• TASK TO COMPLETE: Should a picture appear anywhere in the data, omit it and copy everything else exactly.

• DATASET CONTENT:
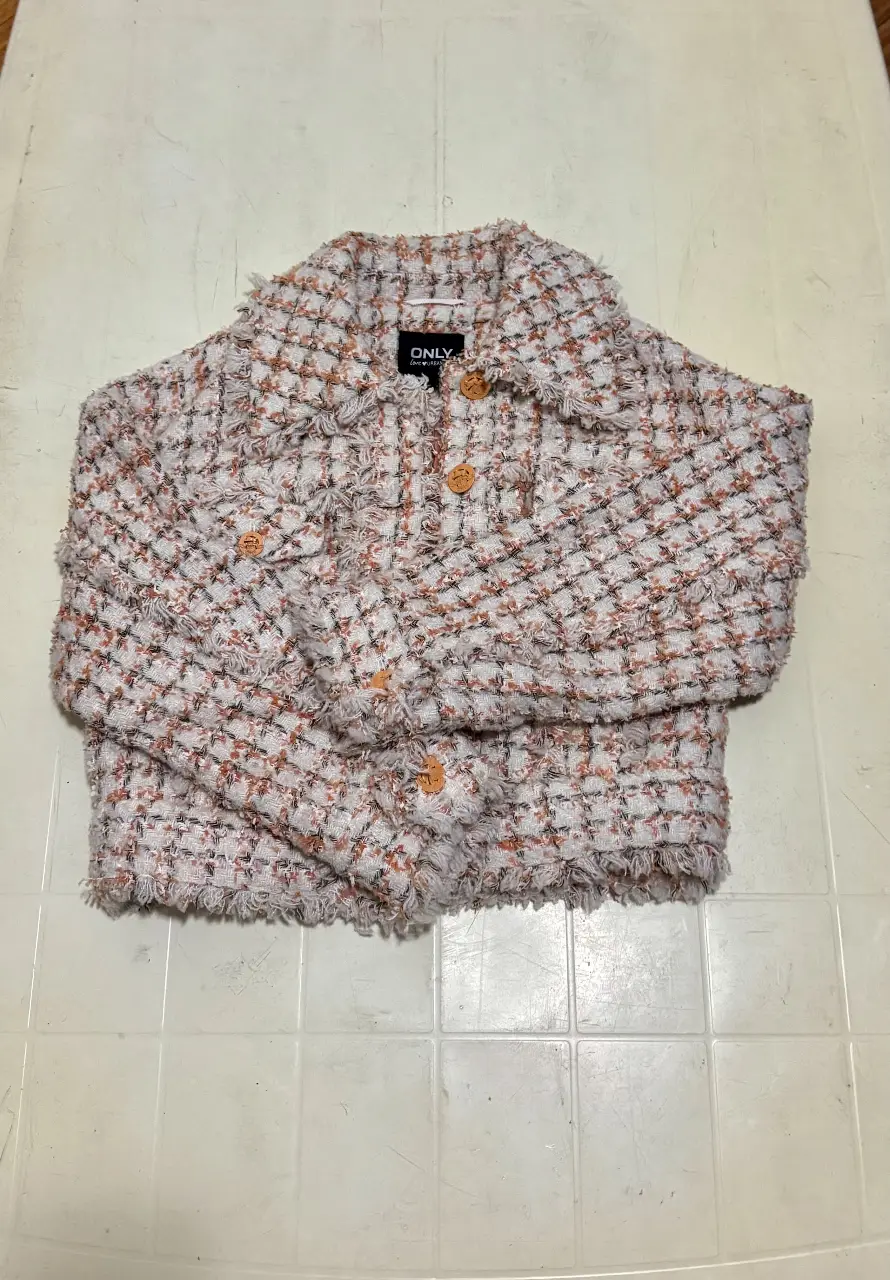 Campera tipo bomber de tela tweed con detalles en naranja y blanco. Ideal para un look elegante y canchero.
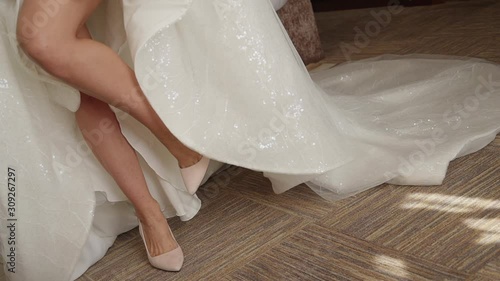 bride in white dress and heels. closeup of woman legs and feet. female lifting her leg. elegant slim bridal foot. concept symbol, attractive, shoe. fitting clothing gown preparing for wedding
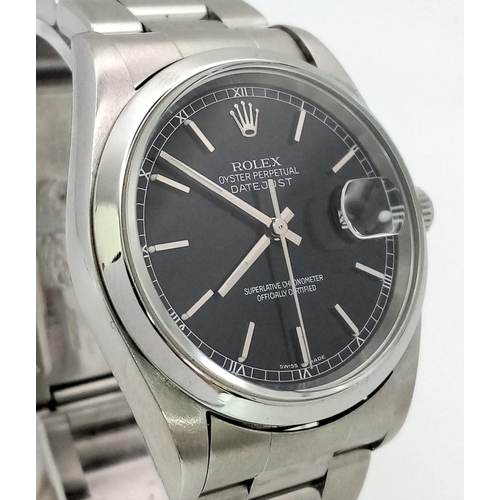 183 - A Rolex Oyster Perpetual Datejust Gents Watch. Stainless steel strap and case - 36mm. Black dial wit...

• RESPONSE:
 Campera tipo bomber de tela tweed con detalles en naranja y blanco. Ideal para un look elegante y canchero.
 bride in white dress and heels. closeup of woman legs and feet. female lifting her leg. elegant slim bridal foot. concept symbol, attractive, shoe. fitting clothing gown preparing for wedding
 183 - A Rolex Oyster Perpetual Datejust Gents Watch. Stainless steel strap and case - 36mm. Black dial wit...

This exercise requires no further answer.